▶ Task instructions:
Report each line of the entries below that has the word "With" in it.

Data extracts: Begin

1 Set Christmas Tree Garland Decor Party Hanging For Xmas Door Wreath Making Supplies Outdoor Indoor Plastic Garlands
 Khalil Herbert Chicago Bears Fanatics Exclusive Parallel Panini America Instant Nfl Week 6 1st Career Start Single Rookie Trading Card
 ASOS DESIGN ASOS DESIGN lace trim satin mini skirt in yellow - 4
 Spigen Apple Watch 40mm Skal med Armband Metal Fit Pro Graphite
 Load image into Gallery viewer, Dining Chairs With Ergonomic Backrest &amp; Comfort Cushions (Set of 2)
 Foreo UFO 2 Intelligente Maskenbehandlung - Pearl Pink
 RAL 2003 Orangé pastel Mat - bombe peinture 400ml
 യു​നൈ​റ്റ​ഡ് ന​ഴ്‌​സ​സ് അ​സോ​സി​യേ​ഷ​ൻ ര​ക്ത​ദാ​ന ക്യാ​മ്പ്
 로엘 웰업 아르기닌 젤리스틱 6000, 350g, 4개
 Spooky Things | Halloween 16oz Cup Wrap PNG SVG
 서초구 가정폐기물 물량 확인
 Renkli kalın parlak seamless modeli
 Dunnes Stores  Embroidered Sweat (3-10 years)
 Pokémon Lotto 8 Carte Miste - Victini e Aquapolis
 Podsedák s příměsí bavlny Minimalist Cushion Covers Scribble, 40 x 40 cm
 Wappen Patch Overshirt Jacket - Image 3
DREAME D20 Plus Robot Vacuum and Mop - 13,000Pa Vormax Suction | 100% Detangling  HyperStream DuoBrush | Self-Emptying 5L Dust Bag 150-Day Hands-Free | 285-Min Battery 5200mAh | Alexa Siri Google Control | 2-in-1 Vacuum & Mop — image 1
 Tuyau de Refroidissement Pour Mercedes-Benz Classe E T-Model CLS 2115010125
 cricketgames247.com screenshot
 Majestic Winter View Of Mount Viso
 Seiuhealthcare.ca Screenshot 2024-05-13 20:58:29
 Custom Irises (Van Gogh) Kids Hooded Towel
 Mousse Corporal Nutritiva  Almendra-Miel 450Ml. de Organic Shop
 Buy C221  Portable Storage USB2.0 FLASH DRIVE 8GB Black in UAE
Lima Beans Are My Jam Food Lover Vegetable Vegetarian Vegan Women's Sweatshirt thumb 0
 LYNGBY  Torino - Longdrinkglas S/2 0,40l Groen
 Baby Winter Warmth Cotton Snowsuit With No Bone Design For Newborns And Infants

Data extracts: End

▶ Worked solution:
 Load image into Gallery viewer, Dining Chairs With Ergonomic Backrest &amp; Comfort Cushions (Set of 2)
 Baby Winter Warmth Cotton Snowsuit With No Bone Design For Newborns And Infants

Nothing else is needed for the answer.